Model Defined by Implication
Contents |
Theorem
Let $P$ and $Q$ be logical formulas.
Let $P \models Q$ denote that $Q$ is a logical consequence of $P$.
Then $P \models Q$ iff:
- $\models P \implies Q$
where $\models$ in this context means equals true in all interpretations.
That is, $P \models Q$ iff $P \implies Q$ is a tautology.
Proof
Sufficient Condition
Let $P \models Q$.
Then $Q$ is true in every model of $P$.
So let $\mathcal M$ be an arbitrary model of $P$.
From Implication Properties, we have $q \vdash p \implies q$:
- If something is true, anything implies it.
So as $Q$ is true in every model of $P$, then $P \implies Q$ is likewise true in every model of $P$.
Hence $\models P \implies Q$.
Necessary Condition
Now let $P \not \models Q$.
That is, there exists a model for $P$ for which $Q$ is false.

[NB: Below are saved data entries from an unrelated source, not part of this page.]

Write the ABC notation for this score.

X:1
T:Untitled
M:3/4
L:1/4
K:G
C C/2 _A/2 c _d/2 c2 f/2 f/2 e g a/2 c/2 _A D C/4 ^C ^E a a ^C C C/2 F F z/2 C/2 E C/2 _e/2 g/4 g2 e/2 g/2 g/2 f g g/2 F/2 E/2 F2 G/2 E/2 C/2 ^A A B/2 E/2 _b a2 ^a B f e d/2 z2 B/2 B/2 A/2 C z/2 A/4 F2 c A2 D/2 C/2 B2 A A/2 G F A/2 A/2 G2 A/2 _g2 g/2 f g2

Let $\mathcal M \left({P}\right)$ be such a model.
That is: $\mathcal M \left({P}\right) = T$ while $\mathcal M \left({Q}\right) = F$.

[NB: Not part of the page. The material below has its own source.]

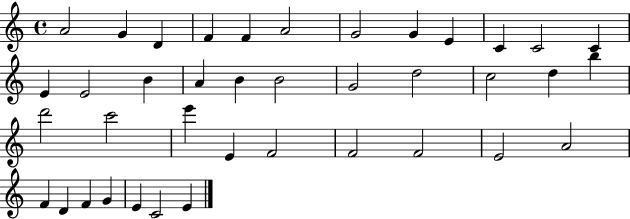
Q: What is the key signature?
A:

From Tautology and Contradiction it follows that $\mathcal M \left({\neg Q}\right) = T$.
Thus $\mathcal M \left({P}\right) = T$ and $\mathcal M \left({\neg Q}\right) = T$.

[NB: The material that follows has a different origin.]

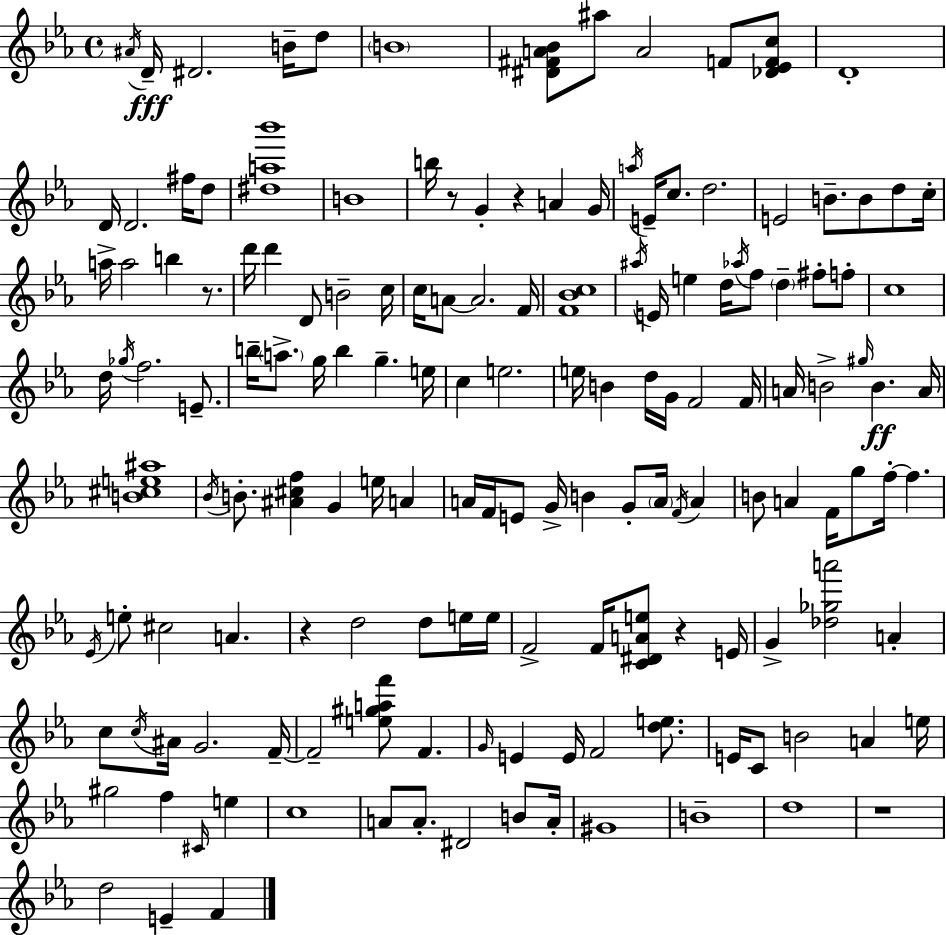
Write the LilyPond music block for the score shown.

Hence from the definition of conjunction, $\mathcal M \left({P \land \neg Q}\right) = T$.
So from Conjunction and Implication, we have that $\mathcal M \left({\neg \left({P \implies Q}\right)}\right) = T$ and hence $\mathcal M \left({P \implies Q}\right) = F$.
So $\not \models P \implies Q$.
Hence the result.
$\blacksquare$